What's a good book about Christopher Columbus?

The thread title pretty much says it all.
I’m looking for something that’ll keep my interest and doesn’t read like a history textbook. On the same token I don’t need to know what he ate for breakfast every day. Thanks!

The classic heroic dead white male book about Columbus is Admiral of the Ocean Sea: A Life of Christopher Columbus, by Samuel Eliot Morison.

The classic Columbus was a genocidal bigot book is The Conquest Of Paradise: Christopher Columbus and the Columbian Legacy, by KIRKPATRICK SALE.

There’s been more recent books somewhere in the middle, but what fun would that be? :slight_smile:

Hmm, which one to start with. I’m gonna go with hero first I think.

Thanks!

Don’t some claim that Columbus was either Jewish or of Jewish ancestry?

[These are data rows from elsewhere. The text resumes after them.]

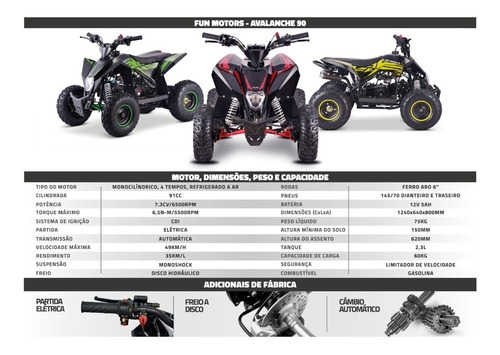 Quadri Infantil Ffun Motors - Avalanche 90cc + Frete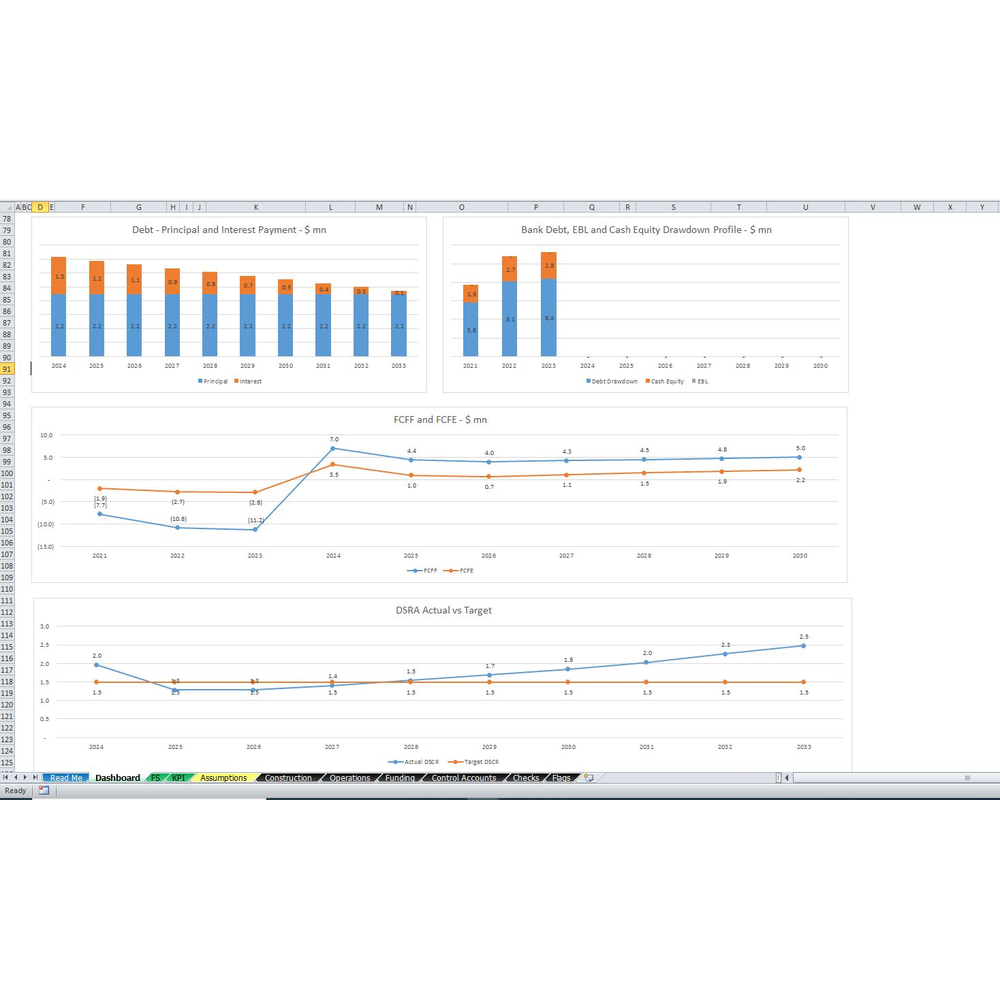 04_Dashboard_Charts_Bottom_1000x1000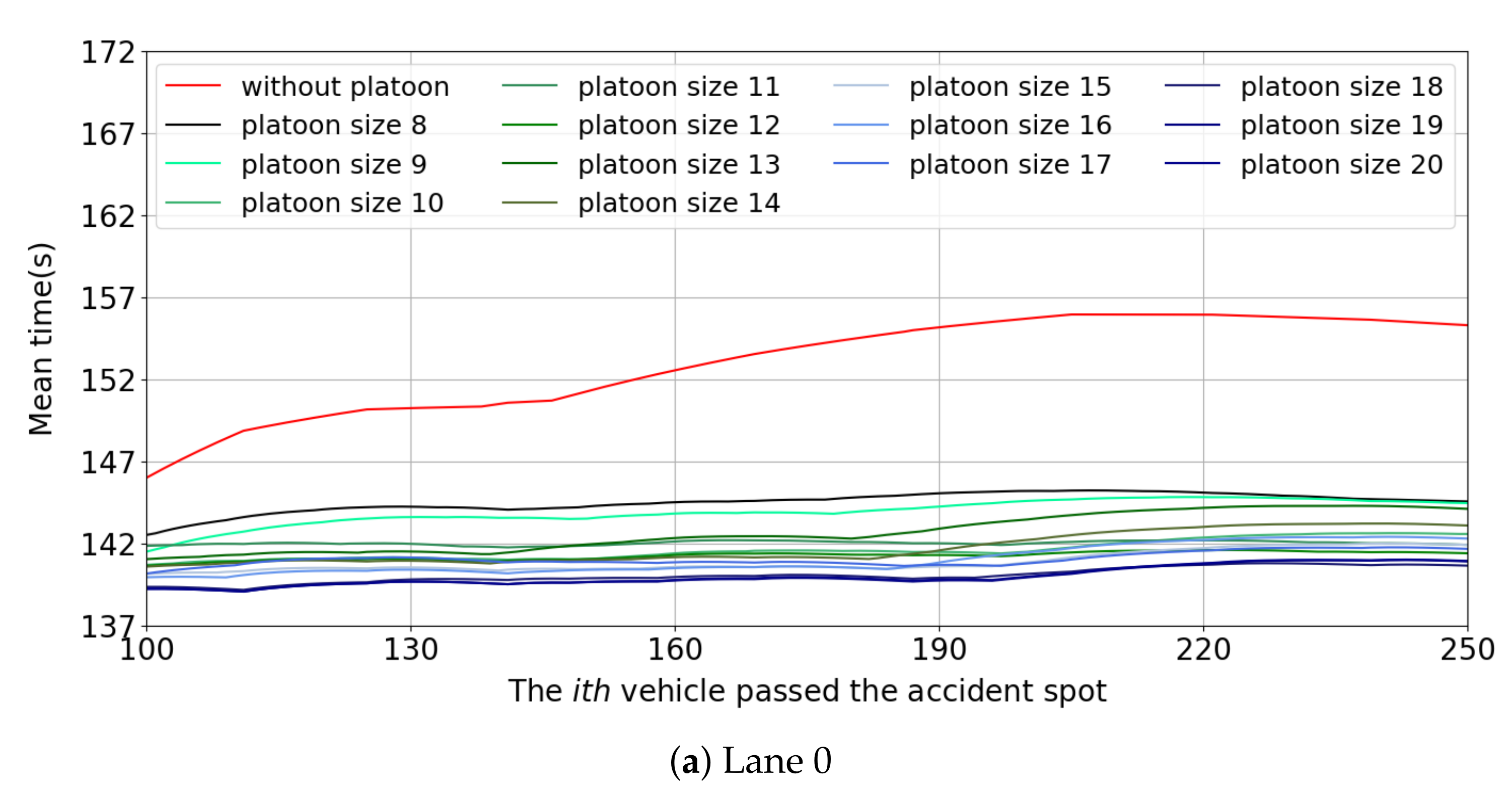Applsci 12 08622 g006a 550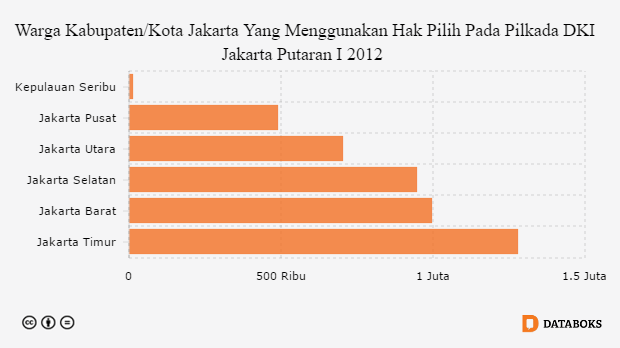 Warga Kabupaten/Kota Jakarta Yang Menggunakan Hak Pilih Pada Pilkada DKI Jakarta Putaran I 2012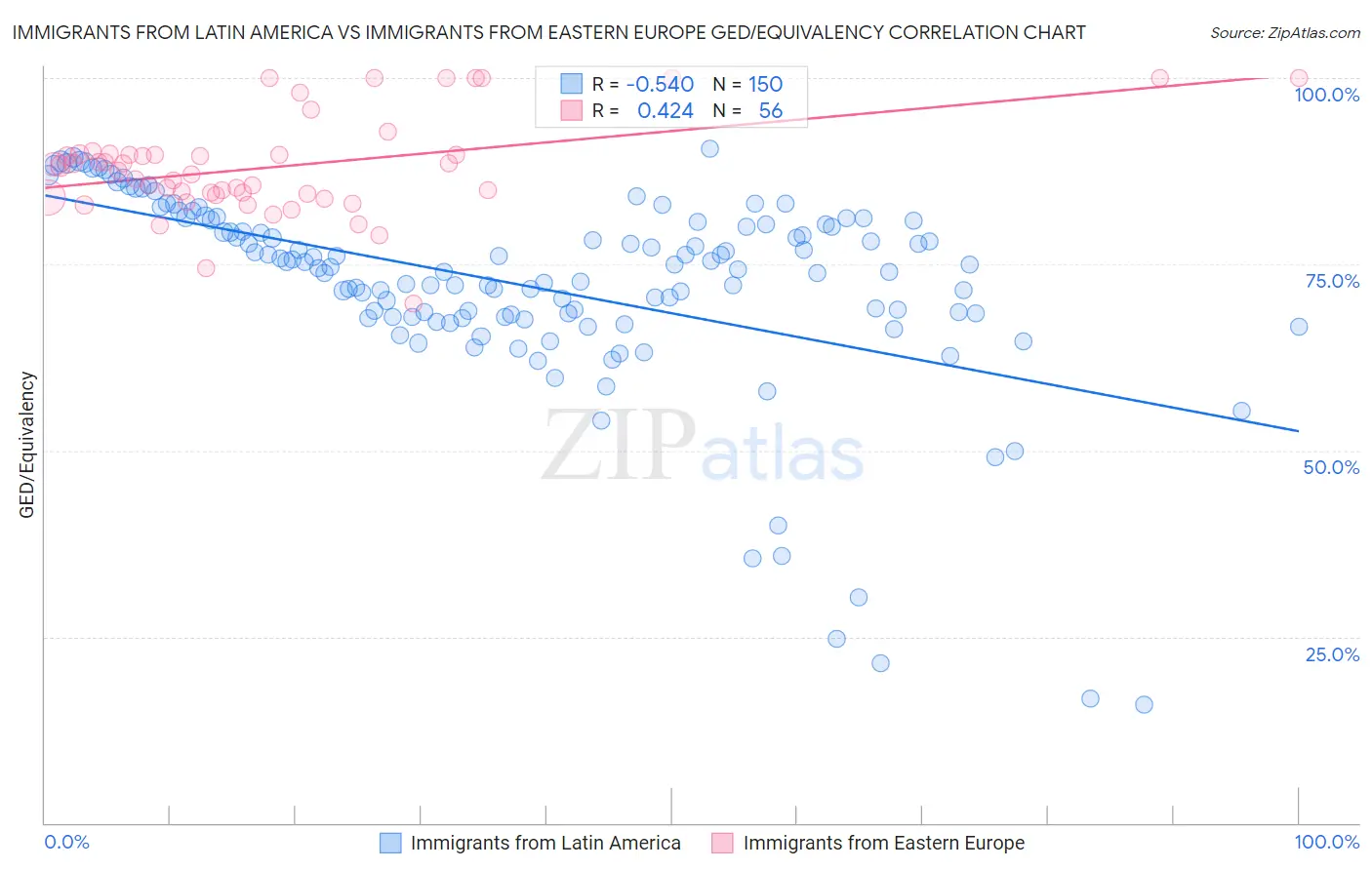 Immigrants from Latin America vs Immigrants from Eastern Europe GED/Equivalency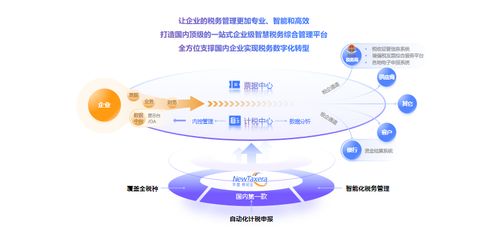 华盟财税科技ceo陈振铭 赋能千行百业,既做多业务赛道 跨界者 ,也是精耕的 原住民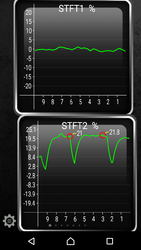 STFT very unstabe with new oxygen sensors-screenshot_20170616-004614.png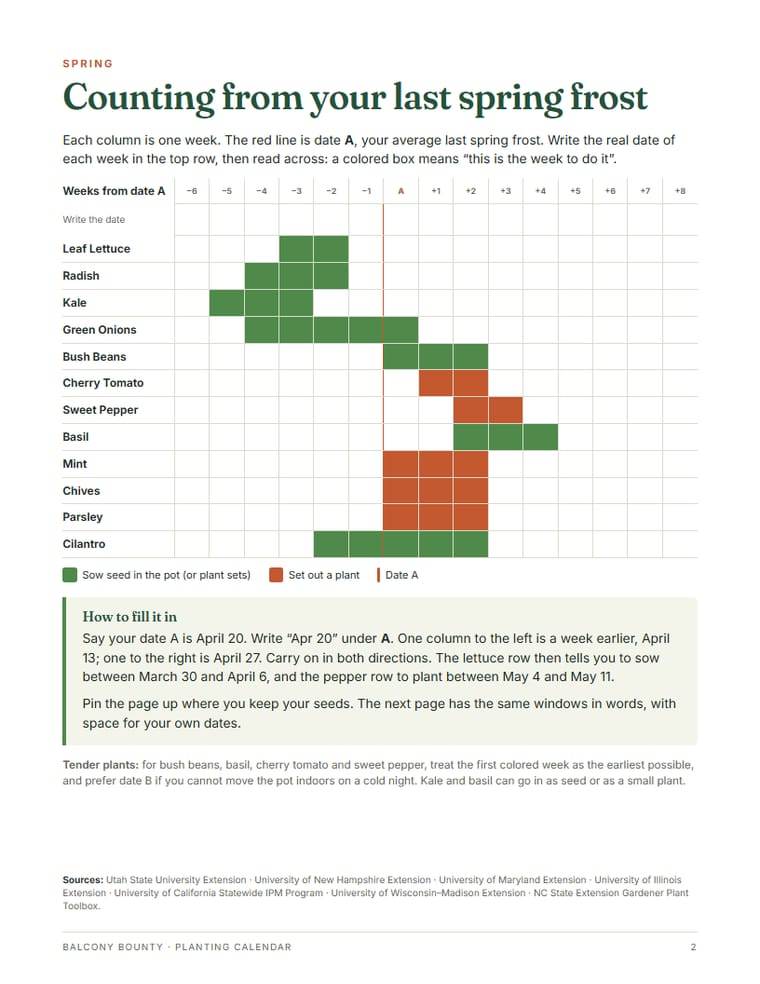 A page of the Planting Calendar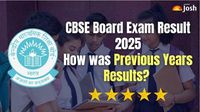 CBSE Board Exam Result 2025: How were Previous years Results? Past Year 10th, 12th Result Date and Time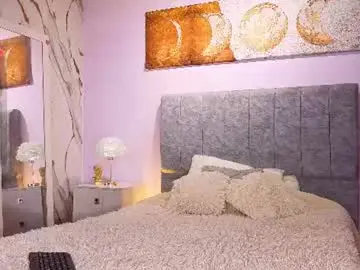 Chaturbate Adult Webcams of antonellastar24_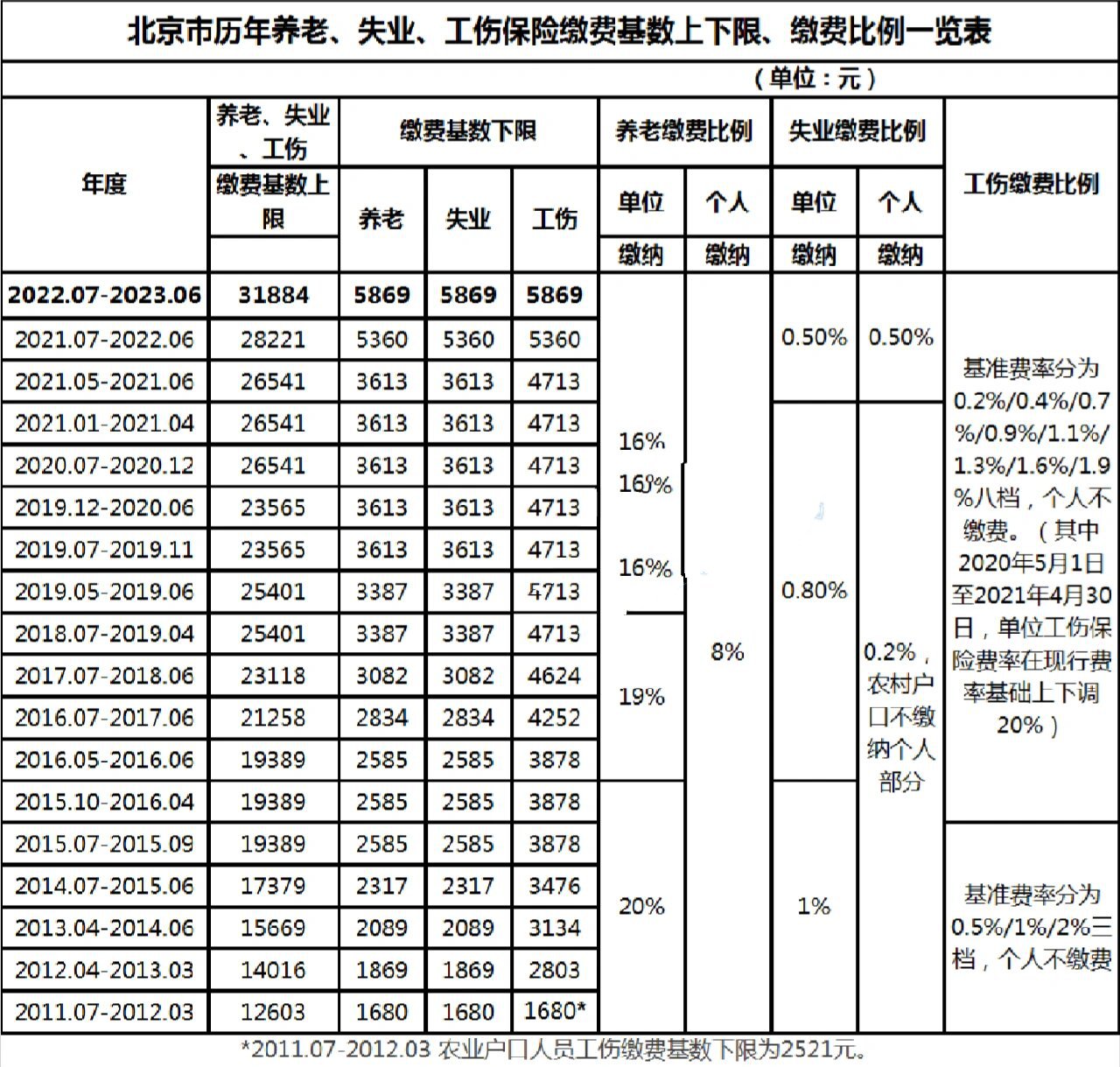 最新社保缴费基数全面解析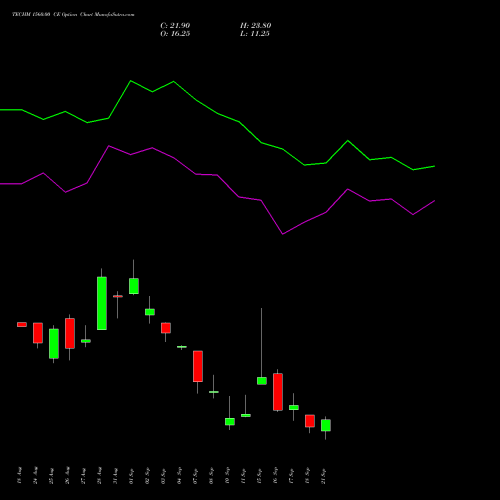 TECHM 1560.00 CE (CALL) 29 September 2026 options price chart analysis Tech Mahindra Limited 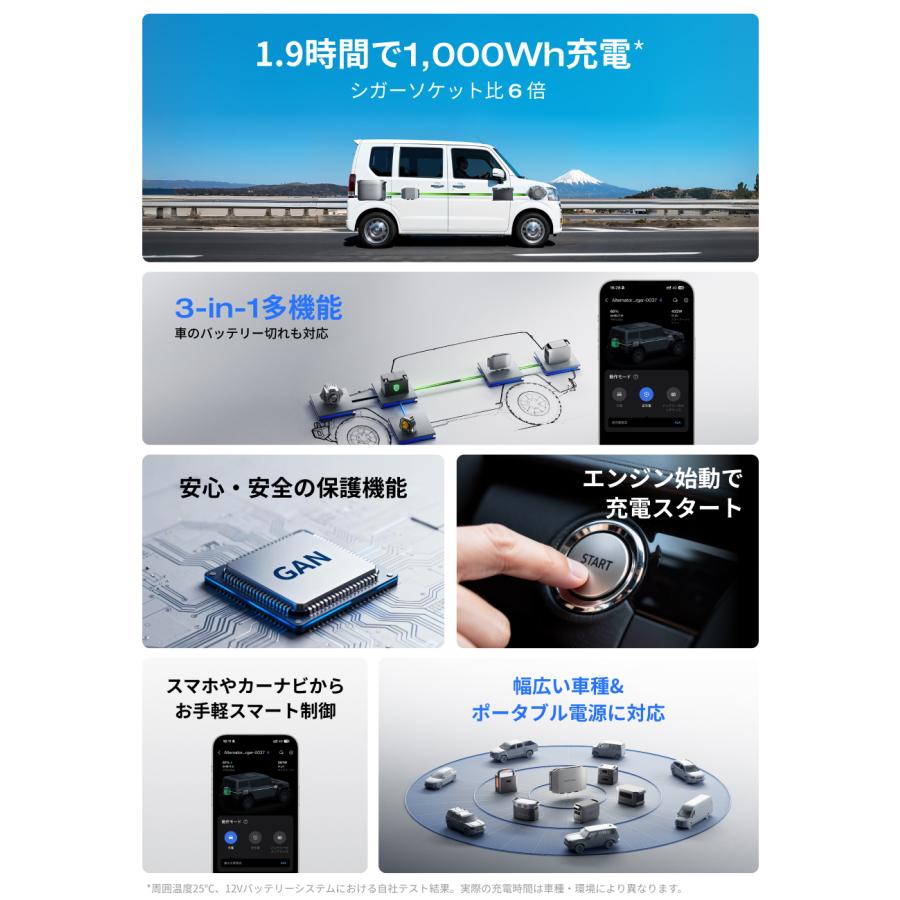 ECOFLOW 新発売！EcoFlow 600W Alternator Charger 走行充電器 他社製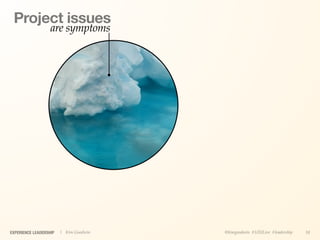 Project issues
                   are symptoms




EXPERIENCE LEADERSHIP   | Kim Goodwin   @kimgoodwin #UXILive #leadership   18
 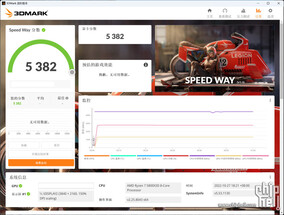 RTX 4080 12 GB 3DMark Speed Way. (Fuente de la imagen: Chiphell)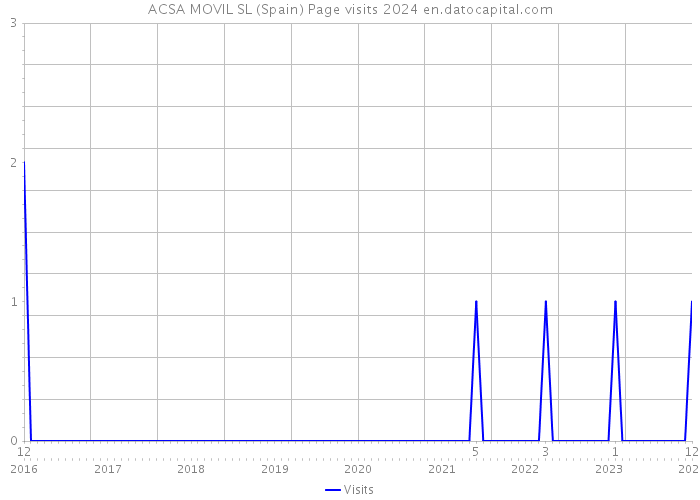 ACSA MOVIL SL (Spain) Page visits 2024 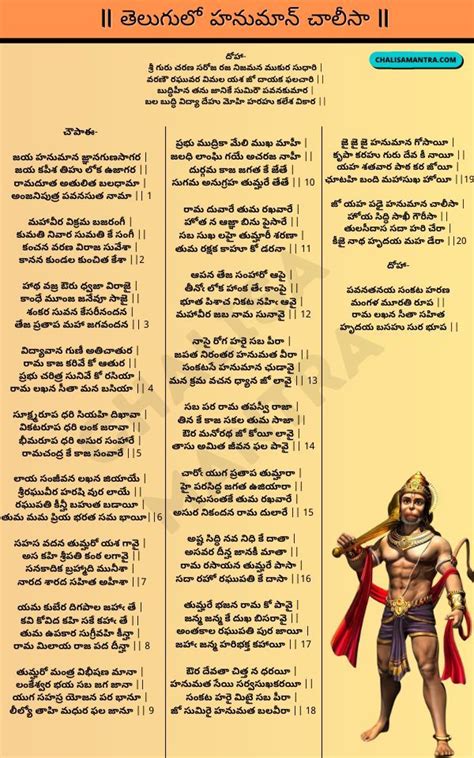 Hanuman Chalisa in Telugu Lyrics [PDF and Image] | Hanuman chalisa ...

Columbus in the Americas (Turning Points in History) by William Least Heat-Moon. It’s taken from logbooks and other first-hand accounts.

Yes, but modern scholars have fairly conclusively debunked that notion.

http://dsc.discovery.com/convergence/columbus/experts/questions.html

And then there’s this:

Robert Lawson’s book I Discover Columbus, c. 1940 or so, is a lot of fun. It’s a kids’ book, part of Lawson’s famous-animals-of-history series (along with Ben and Me, about the mouse who gives Benjamin Franklin all his good ideas; Captain Kidd’s Cat, in which the aforementioned feline tells all about their adventures on the high seas and explains how the guy wasn’t really a pirate, just misunderstood; and Mr. Revere and I, about the horse which Paul Revere rides to warn the Minutemen that the British were coming). I recommend them all.

I Discover Columbus, like the others, has great line drawings and a funny story to tell. The parrot who narrates the tale describes Columbus in generally unflattering but nevertheless affectionate terms (Columbus comes across as an idle dreamer, overly ambitious, attached to lofty titles and fancy clothes, a poor navigator and an even worse sailor). There’s nary a word about Columbus’s depredations against the Indians. Ferdinand, BTW, is portrayed as an impatient loudmouth and Isabella is a sweetly ruthless queen, and the brains of the royal pair.

Overall it’s a light-hearted and worthwhile read.

My Master Columbus, by Cedric Belfrage, is historical fiction told from the point of view of one of the natives who first encountered Columbus. I read it a long time ago, but I remember enjoying it a lot.